Although regarded as conservative treatment, casting is not without risk. Injuries may be sustained during application, during cast valving, through the immobilization process, or during cast removal. We developed an experimental model to investigate safe parameters for the appropriate length of time between fiberglass cast application and bivalving for cast saw use.

METHODS

A hospital sheet was rolled into a mock "arm" on which short-arm fiberglass casts were formed. An appropriate cast saw technique was used with complete withdrawal of the saw blade from the cast material between cuts. A total of 10 casts were made for control/no vacuum (N = 5) and study/vacuum (N = 5) groups.
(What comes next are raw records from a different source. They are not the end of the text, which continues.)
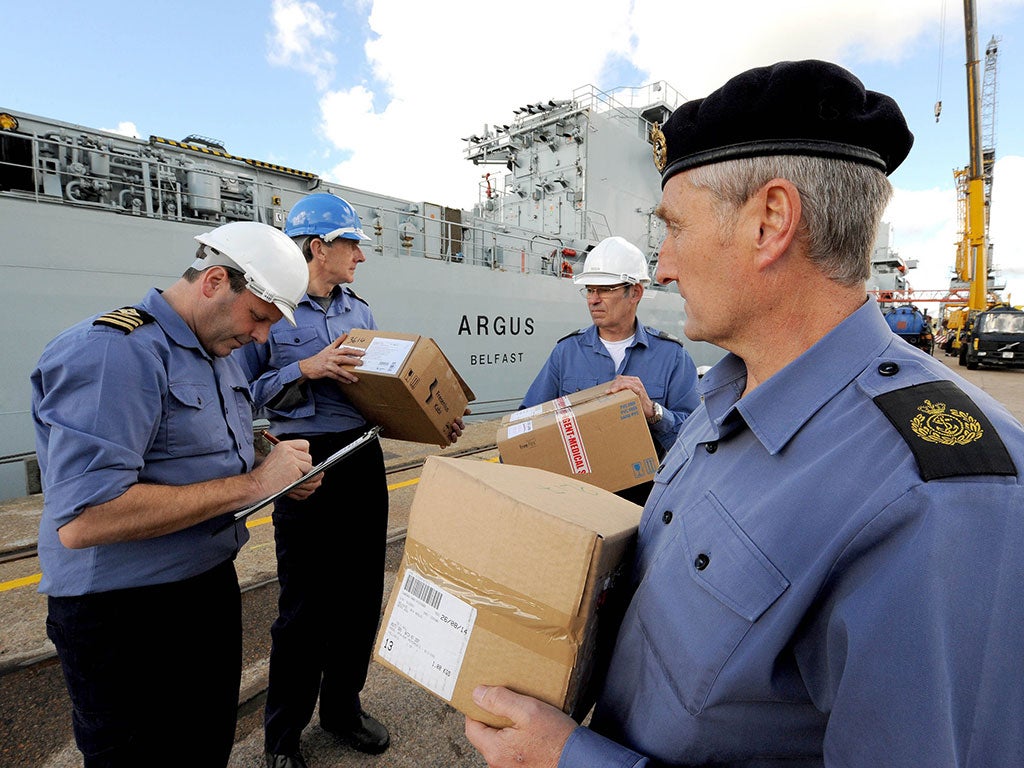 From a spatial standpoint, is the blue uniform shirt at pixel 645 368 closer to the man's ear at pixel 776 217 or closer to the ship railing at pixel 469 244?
the man's ear at pixel 776 217

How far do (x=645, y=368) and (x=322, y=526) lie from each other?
175 centimetres

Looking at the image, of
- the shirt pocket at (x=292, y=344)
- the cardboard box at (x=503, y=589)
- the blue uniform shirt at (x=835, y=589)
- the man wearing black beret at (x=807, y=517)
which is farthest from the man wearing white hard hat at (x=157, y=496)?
the blue uniform shirt at (x=835, y=589)

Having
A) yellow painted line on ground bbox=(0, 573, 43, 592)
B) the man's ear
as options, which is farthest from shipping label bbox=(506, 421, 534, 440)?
yellow painted line on ground bbox=(0, 573, 43, 592)

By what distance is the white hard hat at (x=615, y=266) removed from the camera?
2609 mm

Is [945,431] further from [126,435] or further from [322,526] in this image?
[322,526]

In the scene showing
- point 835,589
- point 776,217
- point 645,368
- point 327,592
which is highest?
point 776,217

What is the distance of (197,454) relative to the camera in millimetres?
1494

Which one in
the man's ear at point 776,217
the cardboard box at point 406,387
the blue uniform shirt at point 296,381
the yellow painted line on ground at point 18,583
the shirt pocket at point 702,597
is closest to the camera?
the shirt pocket at point 702,597

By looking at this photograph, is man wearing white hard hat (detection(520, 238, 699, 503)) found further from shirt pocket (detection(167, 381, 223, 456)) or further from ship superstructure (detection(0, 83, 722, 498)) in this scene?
ship superstructure (detection(0, 83, 722, 498))

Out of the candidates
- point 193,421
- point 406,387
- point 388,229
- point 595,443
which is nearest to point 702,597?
point 595,443

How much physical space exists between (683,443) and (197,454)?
135 centimetres

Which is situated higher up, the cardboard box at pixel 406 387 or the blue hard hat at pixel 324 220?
the blue hard hat at pixel 324 220

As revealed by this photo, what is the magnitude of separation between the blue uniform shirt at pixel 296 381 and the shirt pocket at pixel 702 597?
1804 millimetres

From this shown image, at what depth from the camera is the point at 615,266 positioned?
2619 millimetres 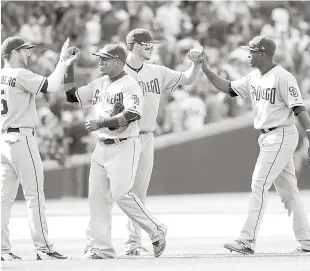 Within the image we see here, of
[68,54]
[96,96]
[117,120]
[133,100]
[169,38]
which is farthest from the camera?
[169,38]

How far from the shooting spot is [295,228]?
28.6 feet

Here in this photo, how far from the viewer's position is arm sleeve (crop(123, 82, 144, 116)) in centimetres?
790

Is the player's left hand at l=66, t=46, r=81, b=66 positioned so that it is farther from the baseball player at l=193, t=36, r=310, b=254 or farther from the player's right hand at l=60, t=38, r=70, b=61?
the baseball player at l=193, t=36, r=310, b=254

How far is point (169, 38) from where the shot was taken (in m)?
17.1

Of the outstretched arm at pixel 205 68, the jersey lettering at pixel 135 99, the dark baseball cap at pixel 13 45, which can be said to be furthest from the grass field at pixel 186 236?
the dark baseball cap at pixel 13 45

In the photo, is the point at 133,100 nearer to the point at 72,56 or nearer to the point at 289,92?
the point at 72,56

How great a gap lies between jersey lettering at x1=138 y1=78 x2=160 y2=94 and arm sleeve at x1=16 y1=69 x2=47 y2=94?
105cm

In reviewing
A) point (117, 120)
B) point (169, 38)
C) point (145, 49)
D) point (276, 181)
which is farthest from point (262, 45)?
point (169, 38)

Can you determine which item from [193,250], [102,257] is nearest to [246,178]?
[193,250]

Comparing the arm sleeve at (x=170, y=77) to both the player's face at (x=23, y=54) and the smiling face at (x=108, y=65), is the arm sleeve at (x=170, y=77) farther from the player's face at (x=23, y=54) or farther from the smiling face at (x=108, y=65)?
the player's face at (x=23, y=54)

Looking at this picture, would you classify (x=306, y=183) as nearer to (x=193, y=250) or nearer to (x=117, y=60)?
(x=193, y=250)

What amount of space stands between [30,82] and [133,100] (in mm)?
914

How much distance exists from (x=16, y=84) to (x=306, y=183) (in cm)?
932

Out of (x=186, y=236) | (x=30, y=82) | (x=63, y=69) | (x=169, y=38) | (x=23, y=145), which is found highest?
(x=169, y=38) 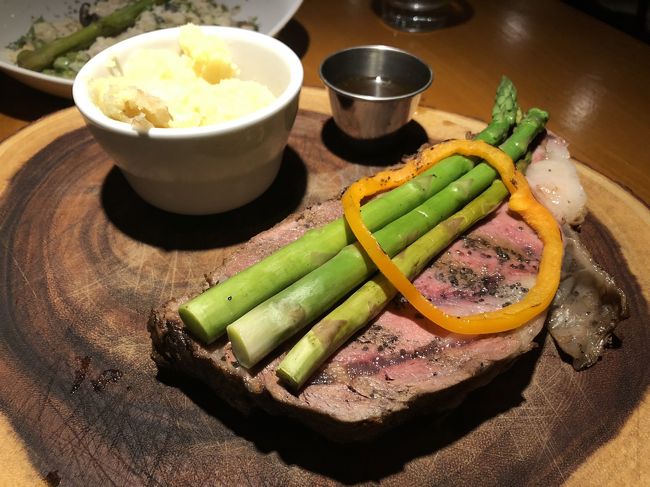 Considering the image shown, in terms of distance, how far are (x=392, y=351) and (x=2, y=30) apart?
5077 mm

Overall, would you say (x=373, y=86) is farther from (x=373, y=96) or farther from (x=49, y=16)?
(x=49, y=16)

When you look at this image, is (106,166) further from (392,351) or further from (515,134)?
(515,134)

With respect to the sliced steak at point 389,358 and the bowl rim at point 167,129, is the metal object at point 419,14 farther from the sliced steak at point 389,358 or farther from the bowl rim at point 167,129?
the sliced steak at point 389,358

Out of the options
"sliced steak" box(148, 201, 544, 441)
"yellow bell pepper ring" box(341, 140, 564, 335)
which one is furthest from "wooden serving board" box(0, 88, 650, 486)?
"yellow bell pepper ring" box(341, 140, 564, 335)

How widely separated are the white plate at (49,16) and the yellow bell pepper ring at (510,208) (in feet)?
8.40

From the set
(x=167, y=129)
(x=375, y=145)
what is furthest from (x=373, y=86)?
(x=167, y=129)

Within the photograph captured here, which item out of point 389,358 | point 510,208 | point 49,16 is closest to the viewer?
point 389,358

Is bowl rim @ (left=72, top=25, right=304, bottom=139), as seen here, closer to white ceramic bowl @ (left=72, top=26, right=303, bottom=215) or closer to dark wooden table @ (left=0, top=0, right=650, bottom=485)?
white ceramic bowl @ (left=72, top=26, right=303, bottom=215)

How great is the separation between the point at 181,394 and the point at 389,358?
102cm

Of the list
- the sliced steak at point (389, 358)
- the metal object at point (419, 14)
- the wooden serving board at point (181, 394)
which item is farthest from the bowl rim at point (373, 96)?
the metal object at point (419, 14)

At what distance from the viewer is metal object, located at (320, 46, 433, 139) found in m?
3.86

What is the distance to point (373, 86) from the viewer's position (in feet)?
14.4

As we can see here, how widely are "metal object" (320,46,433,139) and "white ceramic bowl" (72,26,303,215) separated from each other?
0.62m

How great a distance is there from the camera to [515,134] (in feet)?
11.3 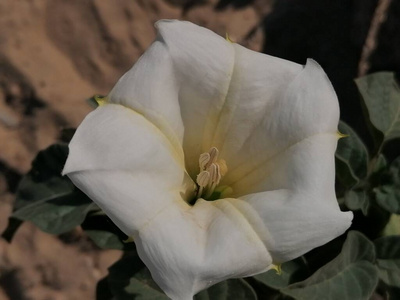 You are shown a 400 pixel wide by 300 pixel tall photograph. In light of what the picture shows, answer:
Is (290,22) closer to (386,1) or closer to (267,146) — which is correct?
(386,1)

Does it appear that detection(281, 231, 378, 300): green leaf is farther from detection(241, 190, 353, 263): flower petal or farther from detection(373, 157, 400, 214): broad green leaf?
detection(241, 190, 353, 263): flower petal

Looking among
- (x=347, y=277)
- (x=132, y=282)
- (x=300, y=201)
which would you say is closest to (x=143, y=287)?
(x=132, y=282)

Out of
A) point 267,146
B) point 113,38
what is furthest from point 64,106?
point 267,146

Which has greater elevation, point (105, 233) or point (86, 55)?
point (86, 55)

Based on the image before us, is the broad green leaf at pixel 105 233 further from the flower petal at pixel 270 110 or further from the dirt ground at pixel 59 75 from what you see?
the dirt ground at pixel 59 75

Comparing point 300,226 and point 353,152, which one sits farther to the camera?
point 353,152

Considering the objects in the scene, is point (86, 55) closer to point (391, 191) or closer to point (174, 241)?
point (391, 191) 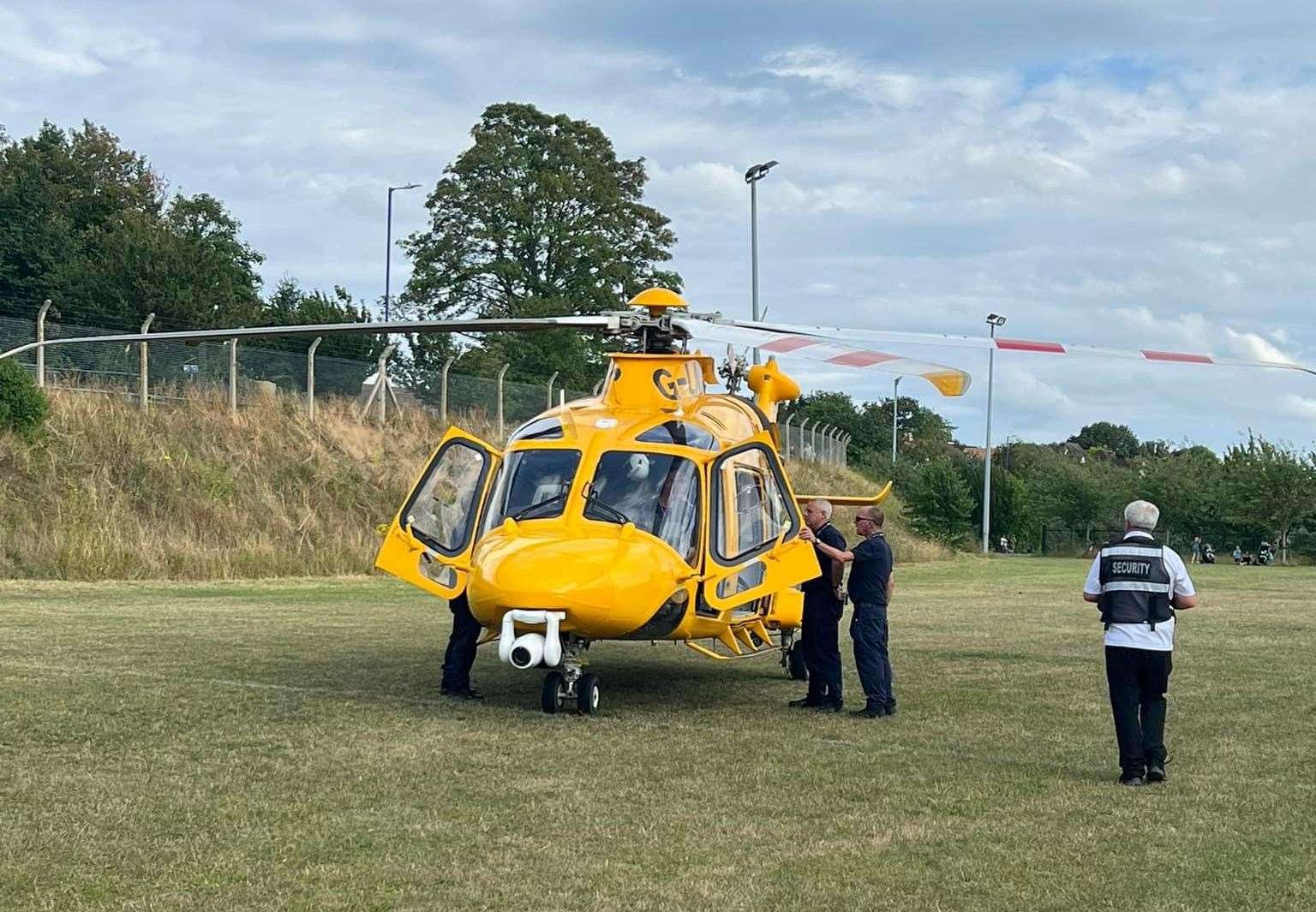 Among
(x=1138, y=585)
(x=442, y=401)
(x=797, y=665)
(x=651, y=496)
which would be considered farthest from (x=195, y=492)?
(x=1138, y=585)

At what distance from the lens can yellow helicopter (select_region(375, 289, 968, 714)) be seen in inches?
377

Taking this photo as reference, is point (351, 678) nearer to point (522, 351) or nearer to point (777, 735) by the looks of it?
point (777, 735)

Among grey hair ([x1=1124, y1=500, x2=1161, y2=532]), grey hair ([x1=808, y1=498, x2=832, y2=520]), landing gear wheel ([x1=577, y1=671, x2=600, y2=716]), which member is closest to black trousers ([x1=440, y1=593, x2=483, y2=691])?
landing gear wheel ([x1=577, y1=671, x2=600, y2=716])

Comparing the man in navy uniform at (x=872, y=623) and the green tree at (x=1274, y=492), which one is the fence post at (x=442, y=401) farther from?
the green tree at (x=1274, y=492)

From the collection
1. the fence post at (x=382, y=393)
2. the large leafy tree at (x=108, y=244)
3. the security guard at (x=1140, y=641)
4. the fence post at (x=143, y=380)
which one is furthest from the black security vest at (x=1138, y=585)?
the large leafy tree at (x=108, y=244)

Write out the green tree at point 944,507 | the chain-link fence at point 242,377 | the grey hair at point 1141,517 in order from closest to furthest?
the grey hair at point 1141,517 → the chain-link fence at point 242,377 → the green tree at point 944,507

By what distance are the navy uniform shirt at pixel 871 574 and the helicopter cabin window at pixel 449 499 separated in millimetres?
2928

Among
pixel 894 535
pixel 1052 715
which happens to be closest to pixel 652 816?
pixel 1052 715

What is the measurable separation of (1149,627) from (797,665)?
5.16m

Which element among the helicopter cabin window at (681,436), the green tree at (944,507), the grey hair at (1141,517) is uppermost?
the helicopter cabin window at (681,436)

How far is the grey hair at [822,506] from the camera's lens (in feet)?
38.5

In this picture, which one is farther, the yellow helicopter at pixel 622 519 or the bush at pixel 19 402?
the bush at pixel 19 402

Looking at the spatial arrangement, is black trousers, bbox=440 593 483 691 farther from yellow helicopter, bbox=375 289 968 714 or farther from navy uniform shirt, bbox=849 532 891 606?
navy uniform shirt, bbox=849 532 891 606

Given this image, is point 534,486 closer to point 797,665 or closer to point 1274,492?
point 797,665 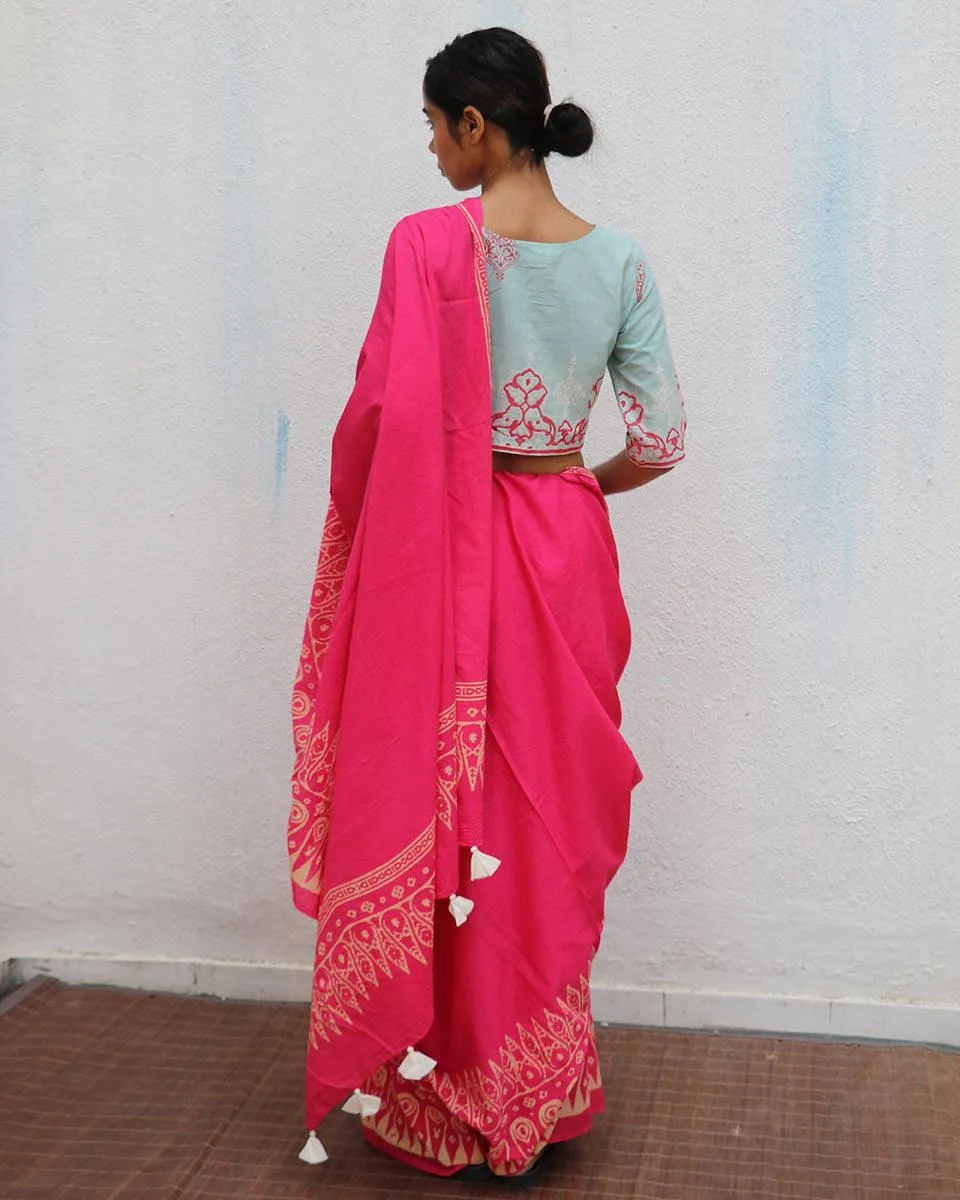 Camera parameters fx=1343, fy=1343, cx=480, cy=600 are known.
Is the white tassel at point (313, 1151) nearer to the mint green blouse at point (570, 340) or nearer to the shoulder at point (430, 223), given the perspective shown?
the mint green blouse at point (570, 340)

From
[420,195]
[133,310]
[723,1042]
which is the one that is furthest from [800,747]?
[133,310]

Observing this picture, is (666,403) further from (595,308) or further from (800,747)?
(800,747)

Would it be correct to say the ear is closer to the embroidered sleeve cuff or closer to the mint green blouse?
the mint green blouse

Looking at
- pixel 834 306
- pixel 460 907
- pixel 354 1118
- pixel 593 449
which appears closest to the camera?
pixel 460 907

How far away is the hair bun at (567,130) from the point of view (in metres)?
2.03

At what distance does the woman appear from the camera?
77.3 inches

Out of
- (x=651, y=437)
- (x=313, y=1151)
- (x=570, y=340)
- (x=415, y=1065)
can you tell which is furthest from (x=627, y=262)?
(x=313, y=1151)

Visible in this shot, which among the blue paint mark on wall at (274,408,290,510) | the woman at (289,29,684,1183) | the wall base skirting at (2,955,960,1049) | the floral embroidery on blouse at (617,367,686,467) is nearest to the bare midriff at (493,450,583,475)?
the woman at (289,29,684,1183)

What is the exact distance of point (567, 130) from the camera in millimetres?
2033

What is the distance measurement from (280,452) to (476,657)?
1.03 metres

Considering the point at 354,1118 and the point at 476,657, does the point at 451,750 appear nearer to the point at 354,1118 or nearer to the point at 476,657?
the point at 476,657

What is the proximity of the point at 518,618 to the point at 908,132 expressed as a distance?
135 cm

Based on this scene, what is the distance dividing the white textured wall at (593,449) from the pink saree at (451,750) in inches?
27.8

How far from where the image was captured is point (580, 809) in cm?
207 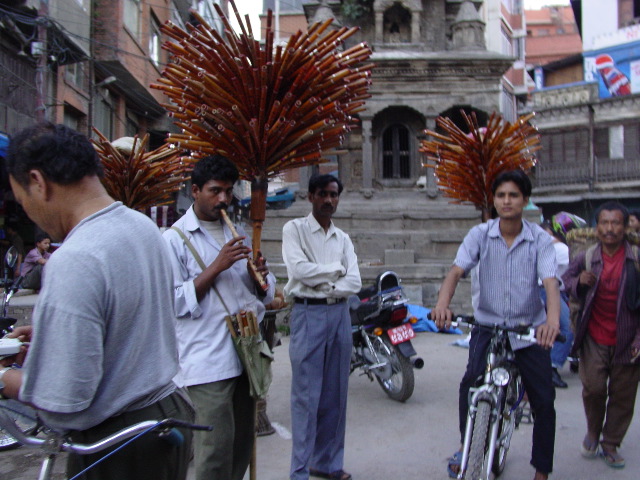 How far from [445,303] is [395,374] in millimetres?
2856

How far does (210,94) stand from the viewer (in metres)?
3.97

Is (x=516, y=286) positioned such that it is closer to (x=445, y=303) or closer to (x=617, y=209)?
(x=445, y=303)

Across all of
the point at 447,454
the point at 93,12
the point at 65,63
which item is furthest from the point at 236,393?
the point at 93,12

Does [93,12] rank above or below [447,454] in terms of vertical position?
above

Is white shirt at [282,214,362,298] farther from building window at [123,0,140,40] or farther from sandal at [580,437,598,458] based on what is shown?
building window at [123,0,140,40]

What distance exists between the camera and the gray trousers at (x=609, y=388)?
14.8 feet

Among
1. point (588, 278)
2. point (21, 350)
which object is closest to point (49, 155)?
point (21, 350)

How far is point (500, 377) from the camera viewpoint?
11.9 ft

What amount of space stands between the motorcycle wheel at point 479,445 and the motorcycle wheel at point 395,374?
8.83 feet

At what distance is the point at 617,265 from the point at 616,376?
81 cm

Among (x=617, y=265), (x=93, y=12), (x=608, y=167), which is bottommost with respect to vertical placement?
(x=617, y=265)

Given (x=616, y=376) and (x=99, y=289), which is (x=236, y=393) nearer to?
(x=99, y=289)

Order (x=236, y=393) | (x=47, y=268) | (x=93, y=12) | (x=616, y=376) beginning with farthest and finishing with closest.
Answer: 1. (x=93, y=12)
2. (x=616, y=376)
3. (x=236, y=393)
4. (x=47, y=268)

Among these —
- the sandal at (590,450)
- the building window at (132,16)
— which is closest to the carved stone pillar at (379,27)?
the building window at (132,16) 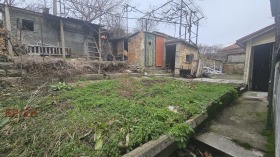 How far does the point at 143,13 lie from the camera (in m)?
14.5

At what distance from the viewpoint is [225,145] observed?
2635mm

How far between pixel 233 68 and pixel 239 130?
17.5 meters

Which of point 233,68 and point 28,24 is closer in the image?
point 28,24

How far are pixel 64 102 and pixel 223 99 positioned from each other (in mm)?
4163

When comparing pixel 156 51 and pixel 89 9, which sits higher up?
pixel 89 9

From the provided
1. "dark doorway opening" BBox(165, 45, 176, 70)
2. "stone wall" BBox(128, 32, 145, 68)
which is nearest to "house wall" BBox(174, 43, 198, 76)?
"dark doorway opening" BBox(165, 45, 176, 70)

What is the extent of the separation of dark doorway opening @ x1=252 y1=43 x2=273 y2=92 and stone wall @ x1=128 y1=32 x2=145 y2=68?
6.56m

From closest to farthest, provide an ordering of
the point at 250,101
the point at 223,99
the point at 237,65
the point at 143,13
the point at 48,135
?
the point at 48,135 → the point at 223,99 → the point at 250,101 → the point at 143,13 → the point at 237,65

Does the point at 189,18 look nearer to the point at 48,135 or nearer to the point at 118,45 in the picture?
the point at 118,45

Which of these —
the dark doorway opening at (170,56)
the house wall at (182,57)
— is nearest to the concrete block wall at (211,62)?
the house wall at (182,57)

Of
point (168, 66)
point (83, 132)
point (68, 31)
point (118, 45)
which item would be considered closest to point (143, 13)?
point (118, 45)

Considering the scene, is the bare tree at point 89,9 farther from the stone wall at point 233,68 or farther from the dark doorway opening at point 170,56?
the stone wall at point 233,68

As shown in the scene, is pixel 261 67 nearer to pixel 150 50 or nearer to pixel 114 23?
pixel 150 50

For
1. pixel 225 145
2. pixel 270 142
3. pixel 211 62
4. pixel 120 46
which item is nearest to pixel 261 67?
pixel 270 142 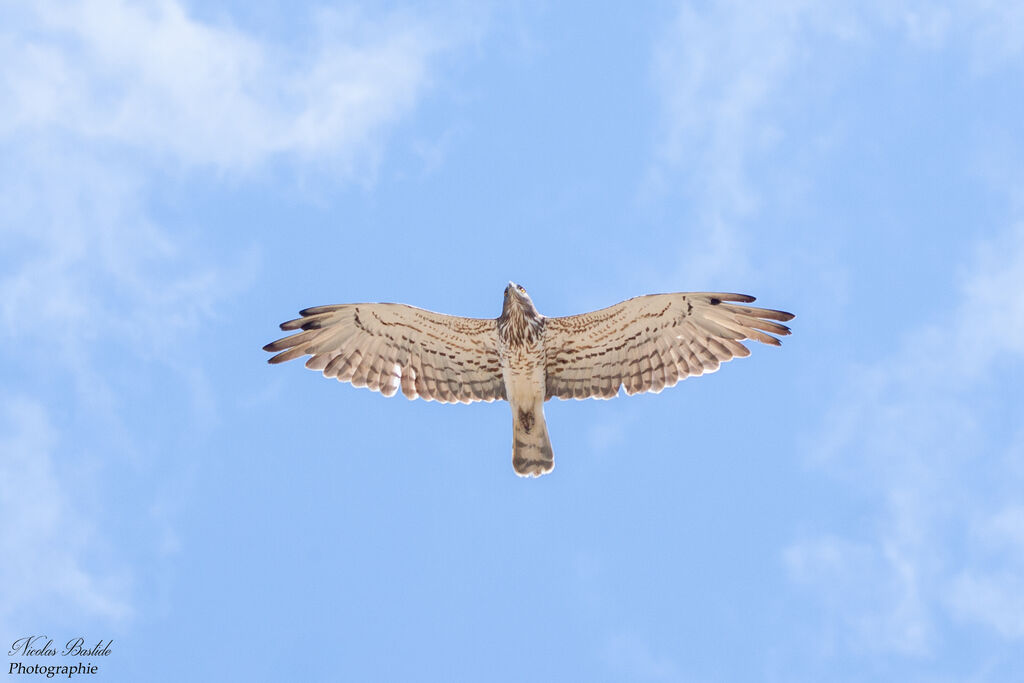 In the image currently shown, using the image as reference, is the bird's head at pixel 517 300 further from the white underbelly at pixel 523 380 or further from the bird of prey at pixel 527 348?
the white underbelly at pixel 523 380

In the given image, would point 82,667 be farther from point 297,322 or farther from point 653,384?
point 653,384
The temperature of the saw blade was measured at 1-minute increments beginning at 3 minutes after fiberglass submersion in water. A mixed factor analysis of variance assessed differences in temperature change over time between groups with a statistical threshold of P < 0.05.

RESULTS

Casts that set for 7 minutes were associated with lower blade temperatures compared with casts that set for 3, 4, 5, and 6 minutes. The average temperature increases for the 3- to 7-minute set times without the use of vacuum were 10.08 (± 1.42), 9.38 (±1.31), 9.32 (±1.85), 8.54 (±2.10), and 5.62°F (±2.42), respectively, and with the use of vacuum, they were 9.40 (±1.14), 8.36 (±1.64), 7.84 (±2.05), 7.30 (±3.14), and 4.82°F (±2.59), respectively. Independent of vacuum use, the change in temperature was significantly different from the maximum temperature (3 minutes) beginning at 7 minutes (all P < 0.043).

DISCUSSION

A minimum of 7 minutes of set time for a fiberglass cast before attempting to bivalve using segmented cuts is associated with the smallest increase in temperature of the saw blade. Blade temperature was not affected with the vacuum enabled. Clinicians can demonstrate best practices to minimize the risk of cast saw injuries.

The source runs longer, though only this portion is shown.